## WHAT YOU HAVE TO DO
Write the listing out again word for word. Pictures do not belong in the copy.

## MATERIAL PROVIDED
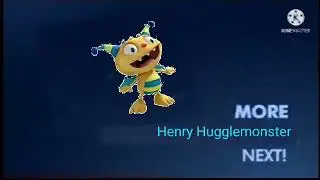 LickToons USA | Henry Monstruito | Ahora (18 de Agosto 2021-presente Noche)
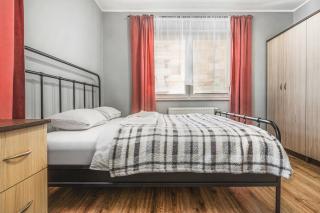 Komfort 2 sypialnie Parking Klima - 7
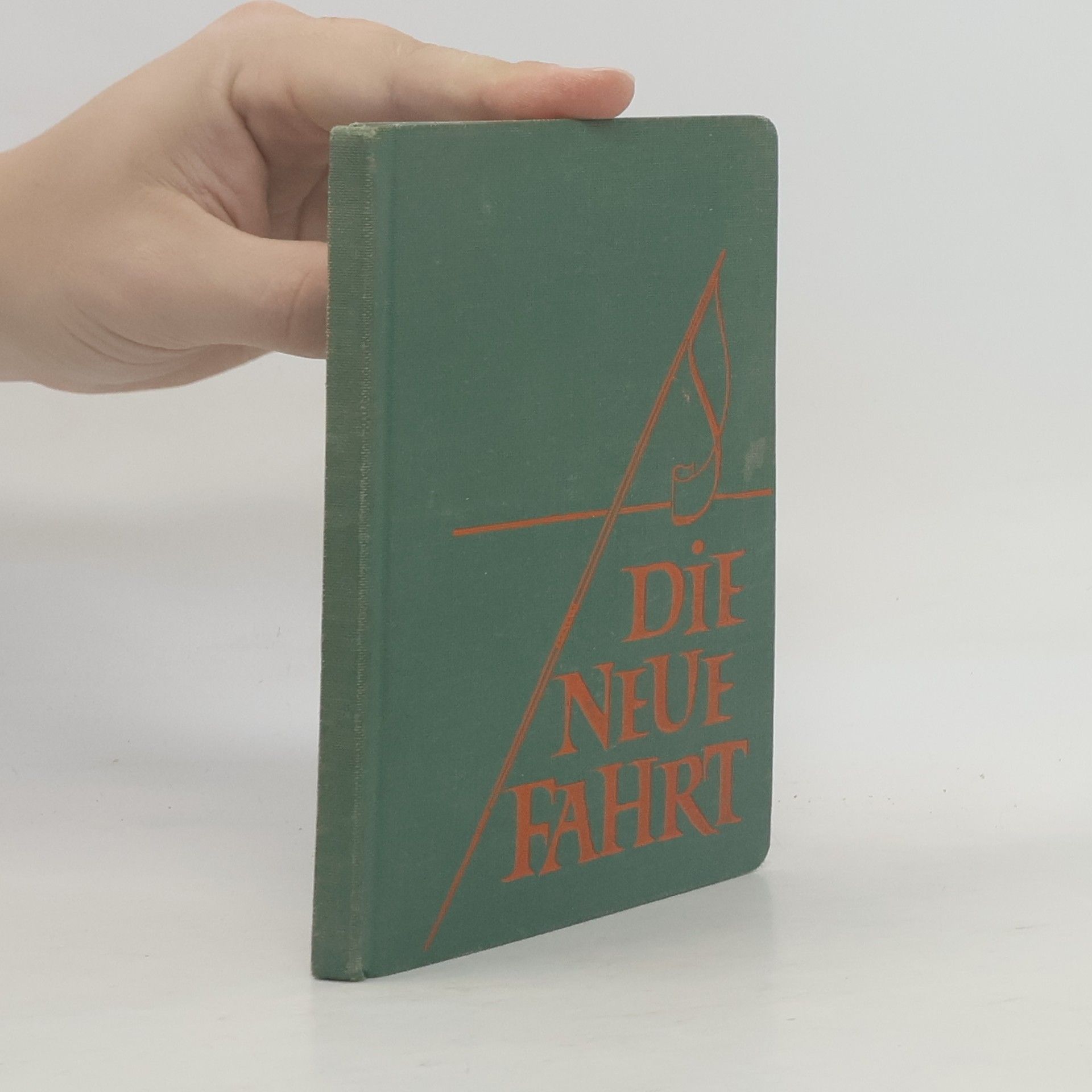 Autorenkollektiv Die neue Fahrt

## WRITTEN REPLY
 LickToons USA | Henry Monstruito | Ahora (18 de Agosto 2021-presente Noche)
 Komfort 2 sypialnie Parking Klima - 7
 Autorenkollektiv Die neue Fahrt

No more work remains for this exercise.